New York Life Insurance Probe Yields $52 Million in Unpaid BenefitsDec 6, 2011 | Parker Waichman LLP
Since being ordered by New York state regulators to use Social Security death data to identify deceased policyholders, life insurance companies doing business in New York have paid more than $52 million in previously unpaid death benefits to nearly 8,000 beneficiaries. The order, issued over the summer, was part of an investigation launched by the state Department of Financial Services into the handling of unpaid death benefits.
"Our inquiry has already resulted in nearly 8,000 people receiving more than $52 million that was due them, and that is just the beginning. Our findings clearly show that matching life insurance policies against a comprehensive list of recent deaths is essential to ensure that all beneficiaries receive the benefits they are owed," Financial Services Superintendent Benjamin M. Lawsky said in a statement. "And the fact that some life insurers are already using the lists for this purpose and have paid out hundreds of millions of dollars proves it can and should be done. With the initial 8,000 matches resulting in $52 million for beneficiaries, even if a small percentage of the one million preliminary matches result in payments, the total amount of payments could be huge.”
The earliest year of death for which a benefit payment has been made thus far is 1970, and the largest benefit payment made thus far is $673,485. Insurers are required to pay interest on delayed payments. The payout figure includes 1,209 payments totaling $16.9 million made to New York payees, the statement said.
In addition to the payouts, life insurers have initiated claims processing for payments to 27,889 other matches, the statement said.

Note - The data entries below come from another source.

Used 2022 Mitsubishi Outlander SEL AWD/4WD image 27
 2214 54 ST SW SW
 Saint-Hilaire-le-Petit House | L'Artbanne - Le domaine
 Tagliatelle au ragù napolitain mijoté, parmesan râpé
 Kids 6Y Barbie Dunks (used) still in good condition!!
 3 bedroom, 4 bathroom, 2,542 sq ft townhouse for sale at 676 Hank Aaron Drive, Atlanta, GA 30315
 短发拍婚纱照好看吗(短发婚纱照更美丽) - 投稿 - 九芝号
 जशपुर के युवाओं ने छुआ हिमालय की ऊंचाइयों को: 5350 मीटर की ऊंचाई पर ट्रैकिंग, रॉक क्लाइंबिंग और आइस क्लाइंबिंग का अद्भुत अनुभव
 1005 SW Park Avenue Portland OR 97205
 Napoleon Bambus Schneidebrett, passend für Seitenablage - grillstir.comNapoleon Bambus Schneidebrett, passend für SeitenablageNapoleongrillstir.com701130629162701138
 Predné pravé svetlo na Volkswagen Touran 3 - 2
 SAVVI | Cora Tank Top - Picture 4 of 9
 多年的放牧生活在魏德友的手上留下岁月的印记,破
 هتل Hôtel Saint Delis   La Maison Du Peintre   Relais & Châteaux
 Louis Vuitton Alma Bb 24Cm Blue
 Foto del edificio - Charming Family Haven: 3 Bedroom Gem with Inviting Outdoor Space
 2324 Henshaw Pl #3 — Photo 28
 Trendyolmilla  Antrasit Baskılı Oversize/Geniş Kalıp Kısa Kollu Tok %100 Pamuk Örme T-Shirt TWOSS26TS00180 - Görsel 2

Insurance companies use a Social Security database called the "Death Master File" to cut off payments to deceased policyholders, but do not utilize this tool to ensure that unclaimed death benefits go to their rightful beneficiaries. Over the summer, the New York Insurance Department ordered 172 companies to start cross-checking against lists of policyholders to determine when benefits are due.
Over the past year, life insurance companies have faced scrutiny from regulators in New York and elsewhere over their handling of unpaid death benefits. In November, the New York State Attorney General's Office and the State Comptroller announced the launch of a state investigation into such practices, after their offices uncovered data that indicated that millions in insurance death benefit funds may have been improperly withheld from beneficiaries. The announcement came after Attorney General Eric Schneiderman subpoenaed nine large insurance companies, including AXA SA, Genworth Financial Inc, Guardian Life Insurance Co of America, Manulife Financial Corp, Massachusetts Mutual Life Insurance Co, MetLife Inc, New York Life Insurance Co, Prudential Financial Inc, and TIAA-CREF, over the summer.
Meanwhile, Florida is chair of a multi-state National Association of Insurance Commissioners (NAIC) task force investigating life and annuity claims practices. The primary charge of the task force is to coordinate the activities of state insurance regulators in pursuing investigations / settlements regarding possible unfair claims practices. Other states on the task force include California, Iowa, Louisiana, North Dakota, New Jersey, New Hampshire, Pennsylvania and West Virginia.